Every August dozens of the furriest surfers—and their owners—head to the San Francisco Bay Area for the World Dog Surfing Championships. Many are decked out in costume as they hang 10 (er, 20).
Held in Pacifica, the dogs enter the water with their owners, who then push the boards into waves for them. The four-legged surfers are then judged on two main criteria: “No. 1 is stay on the board and No. 2 is looking happy,” Sam Stahl, one of the judges, told NPR. “No one wants to see a dog terrified at the end of a surfboard.”
Each heat lasts 10 minutes, and dogs compete against pooches of their same size, across four categories that range from small to “very large.” They can compete solo or tandem, with either a human or another dog as their partner. Dogs can earn up to 10 points each round. Besides the surfing, there is also a costume and a ball-fetching competition.
“It’s subjective,” Stahl told the San Francisco Chronicle, with regard to the judging. “It’s a feeling. You’re looking for ability to stand, ride, move in the wave. You’re looking for style. How panicked or how calm the dog is. That makes a difference.”
While many canines are fairly new to the sport, there are a few seasoned experts. Dog surfing legend, Abbie, has been the reigning top dog in the medium category for the past two years. An Australian Kelpie, Abbie has been surfing since 2008. In 2014, she became the first dog inducted into the International Surfing Hall of Fame.

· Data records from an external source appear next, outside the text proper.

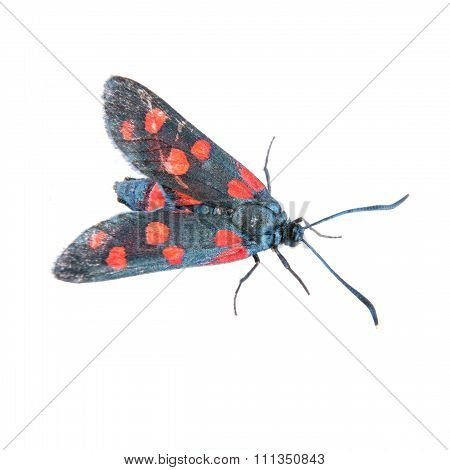 Six-spot Burnet On The White Background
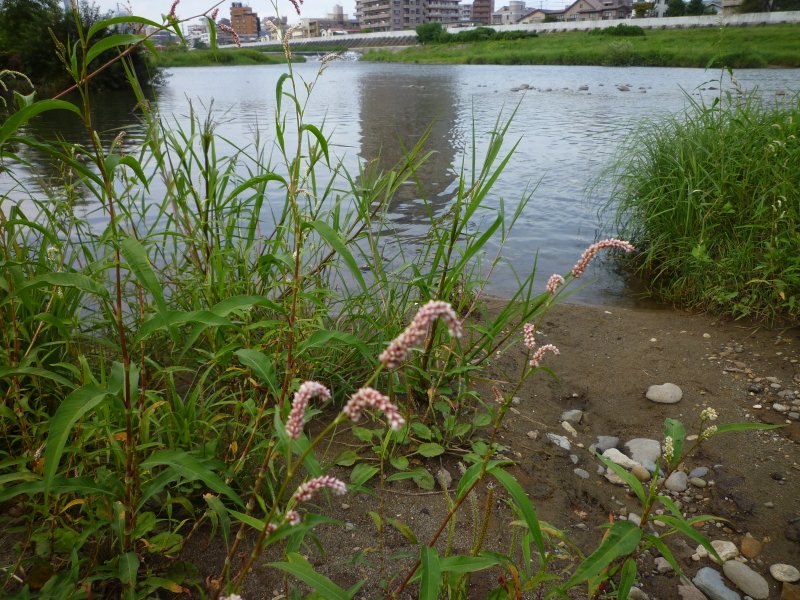 2014年09月の広瀬川その4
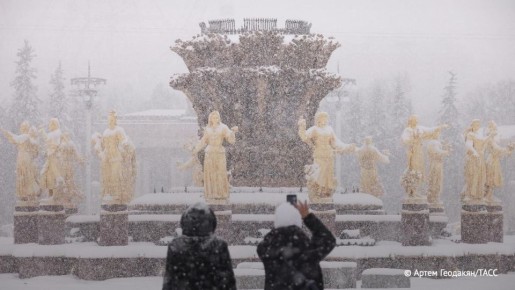 � ������ � ��������� ��������� ����� ��������� ������� �������� � ������� �����, ���������� � Telegram-������ ���������� ��������� ���������� ���������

The Pacifica competition has been held since 2016, but dog surfing events have been going on for much longer. The first competition took place in 2006 at Loews Coronado hotel in San Diego. An annual Surf Dog event is held in San Diego, along with one in Huntington Beach. The sport appears to be growing in popularity as more events are popping up in the U.S. and around the world.